§ **Activity**:
Copy the lines from the start of the records below through the line containing "Clevite Chevrolet V6", both included, and leave out the pictures.

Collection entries
--*--
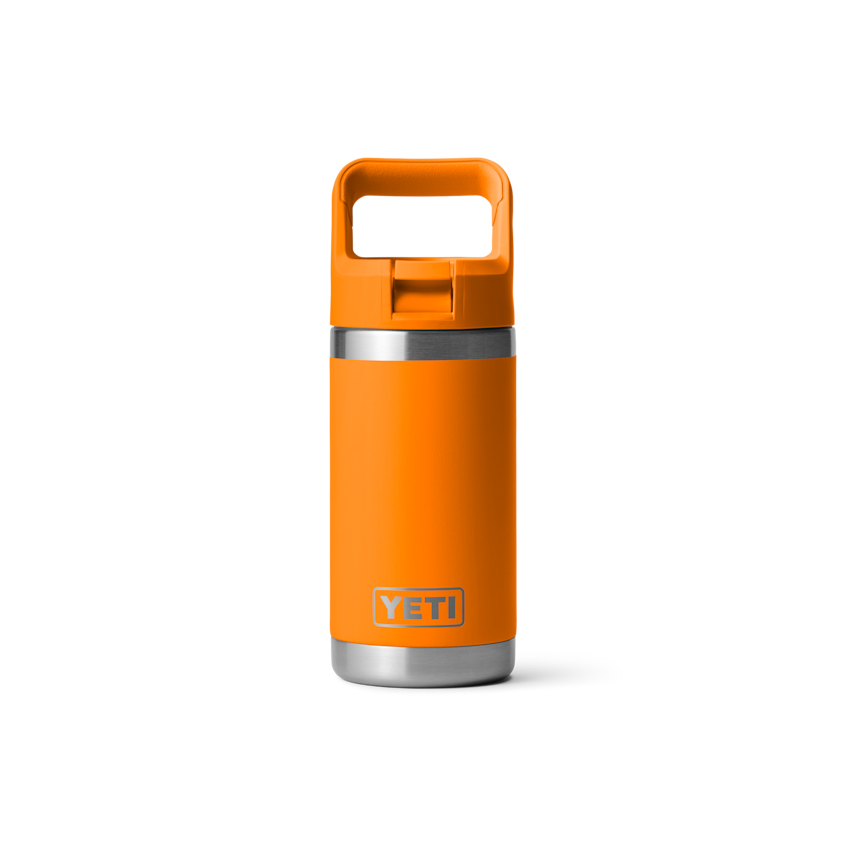 Yeti Rambler Jr 12oz Kids Water Bottle 10
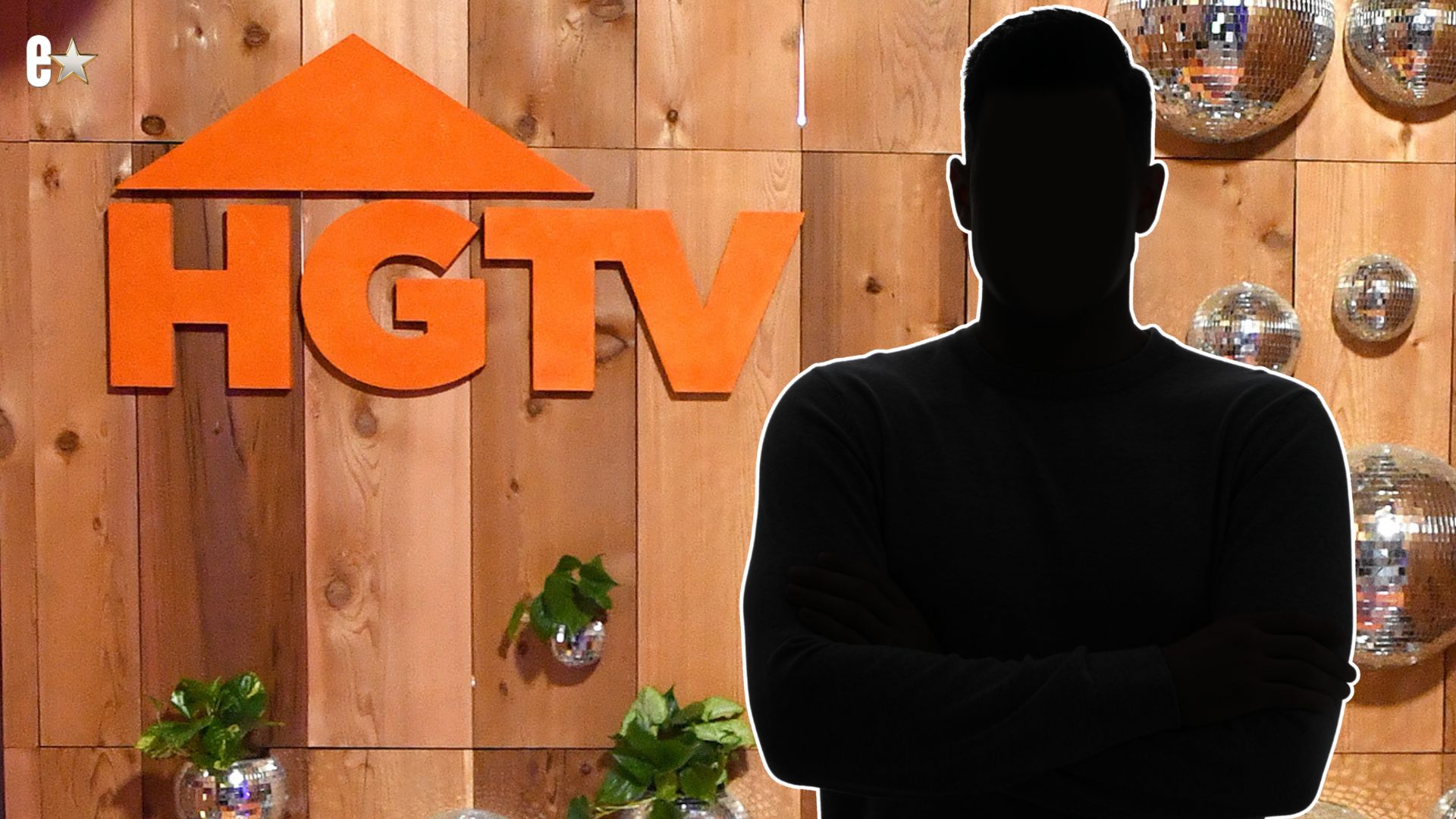 HGTV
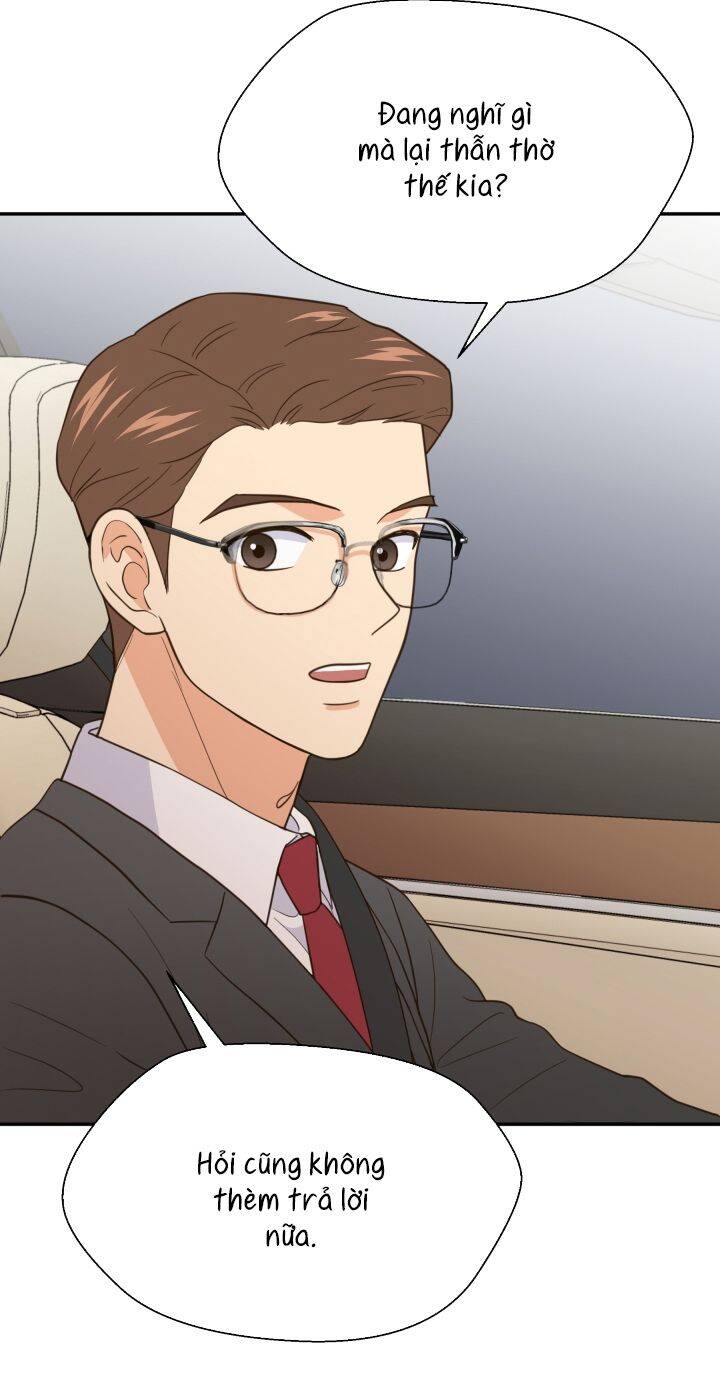 Chủ Tịch Đi Học Chapter 34 - 3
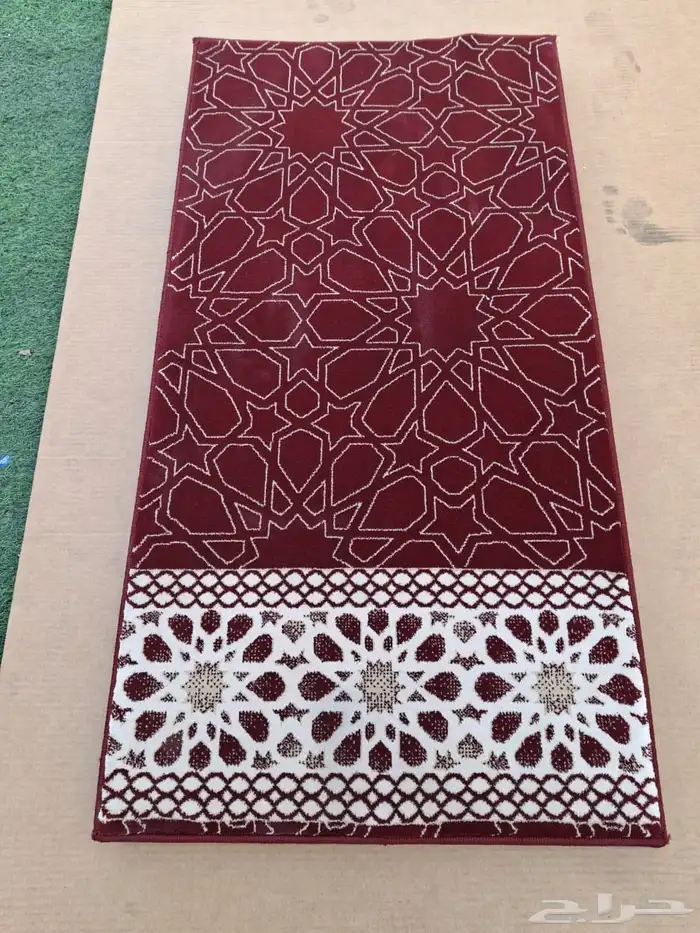 موكيت مساجد 3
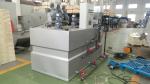 Polymer Chemical Auto Dosing System In Water Treatment Plant SS304 Stainless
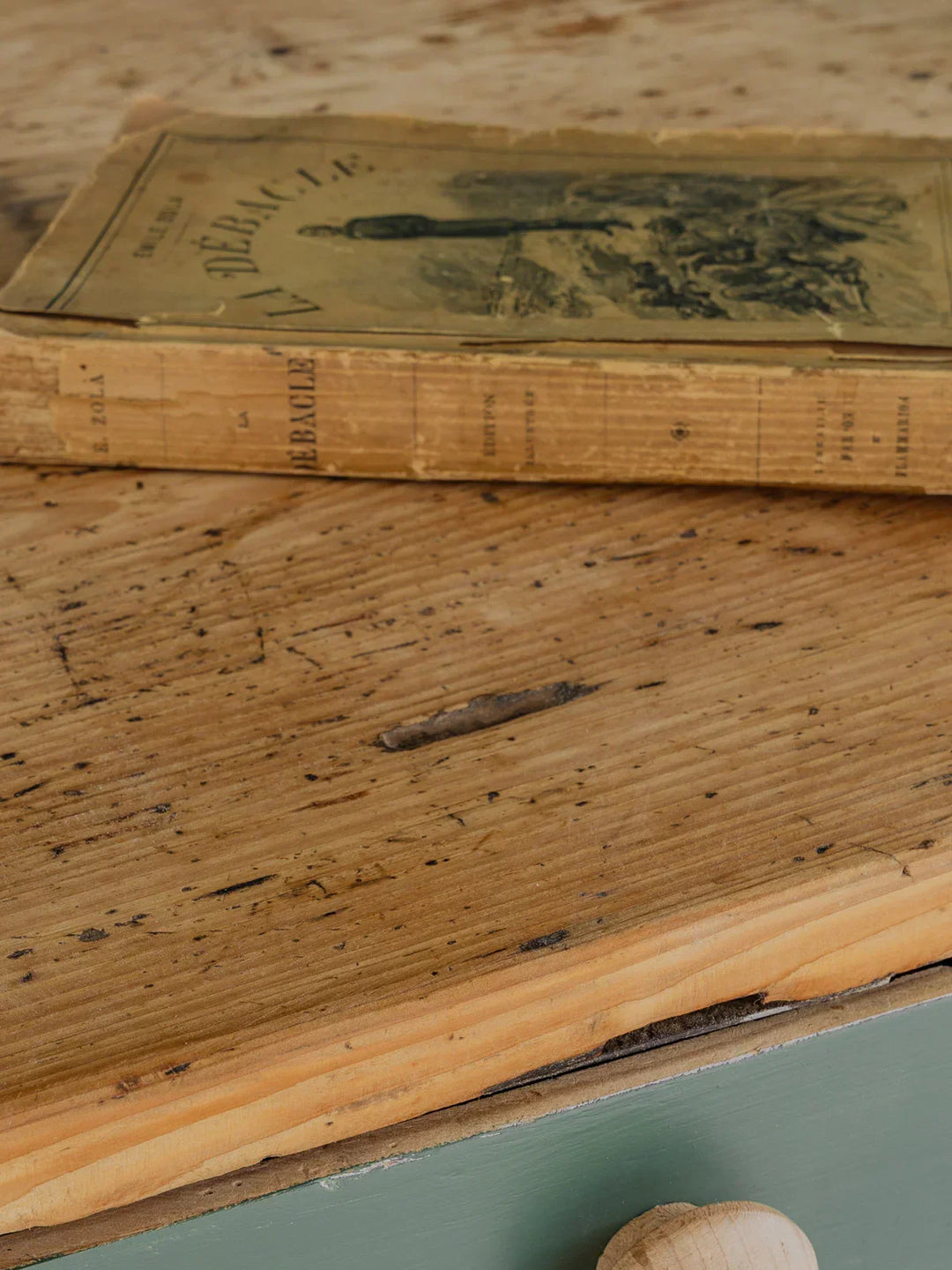 gilbert-buffet-bois-727-8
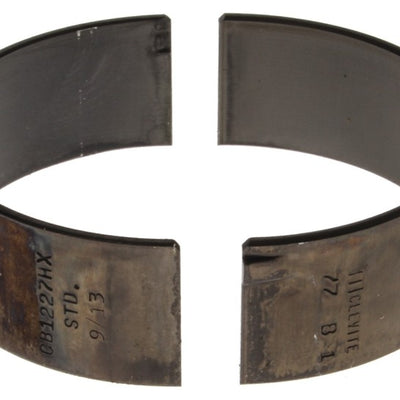 Clevite Chevrolet V6 200-229 1978-84 Con Rod Bearing Set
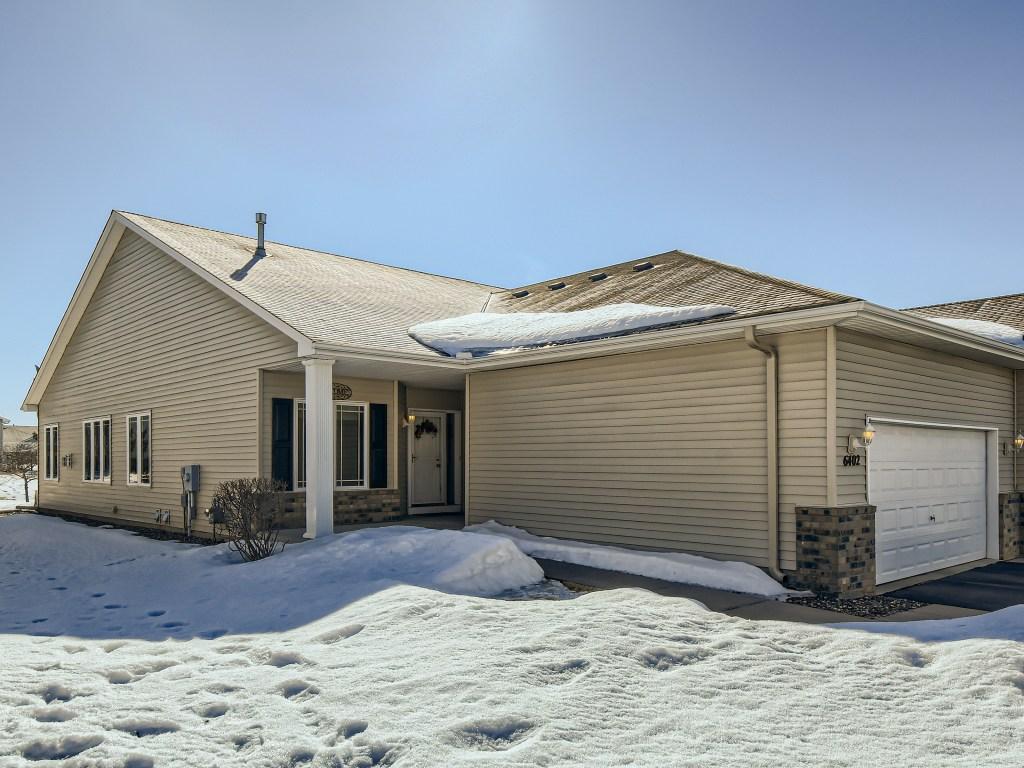 6402 Maclaren Avenue NE Otsego MN 55301 6343688 image1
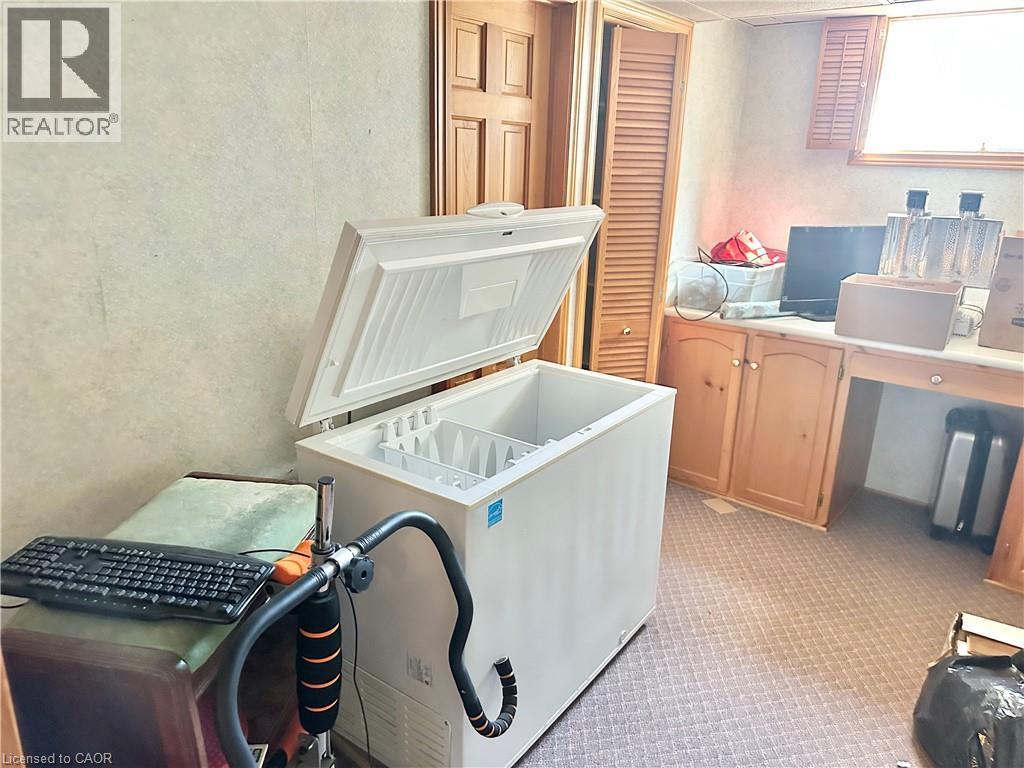 21 Carriage Road, Simcoe, Ontario  N3Y 4Y3 - Photo 26 - 40775891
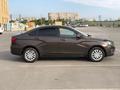 ВАЗ (Lada) Vesta 2016 годаүшін2 300 000 тг. в Аксуат – фото 11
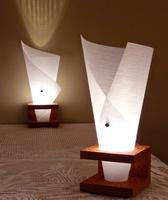 DIY Lamp Ideas 스크린샷 2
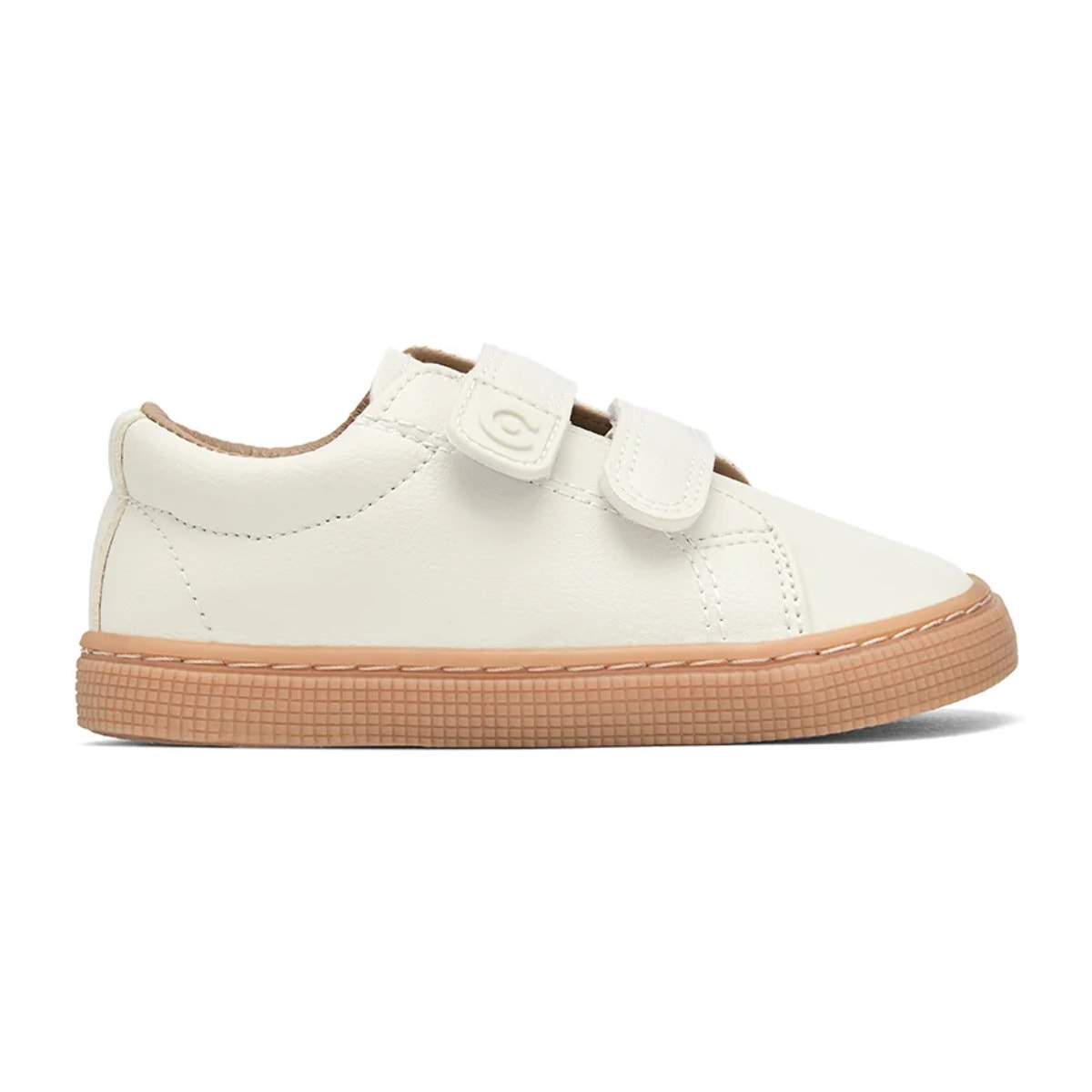Zapatillas Deportivas De Niño Barefoot Goflex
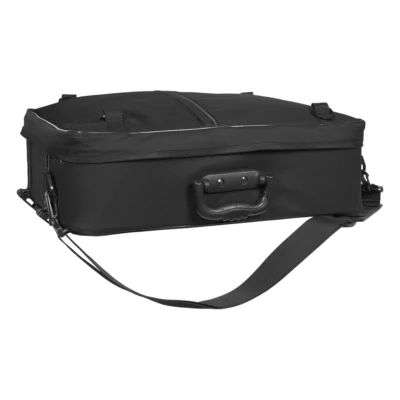 57817695_1-1. Webp 57817695 1 1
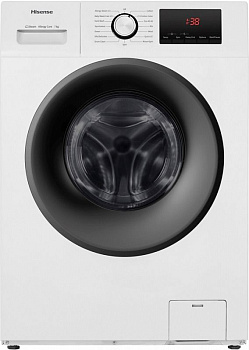 Стиральная машина Hisense WFPV6010M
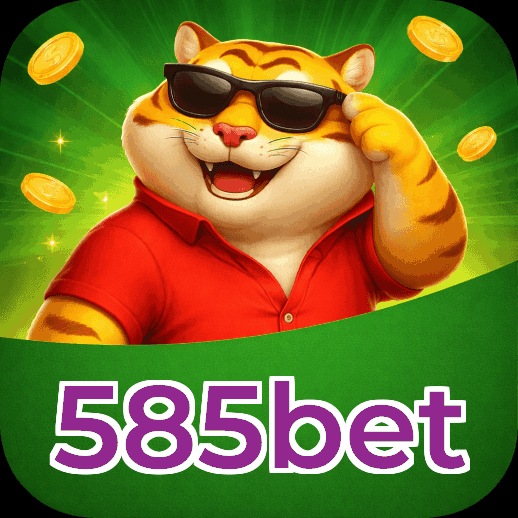 585bet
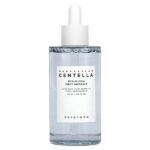 SKIN1004, Madagascar Centella, Hyalu-Cica First Ampoule, 3.38 fl oz (100 ml)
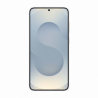 Smartphone Samsung Galaxy S25 Plus - Gris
--*--
§ **Exercise answer**:
 Yeti Rambler Jr 12oz Kids Water Bottle 10
 HGTV
 Chủ Tịch Đi Học Chapter 34 - 3
 موكيت مساجد 3
 Polymer Chemical Auto Dosing System In Water Treatment Plant SS304 Stainless
 gilbert-buffet-bois-727-8
 Clevite Chevrolet V6 200-229 1978-84 Con Rod Bearing Set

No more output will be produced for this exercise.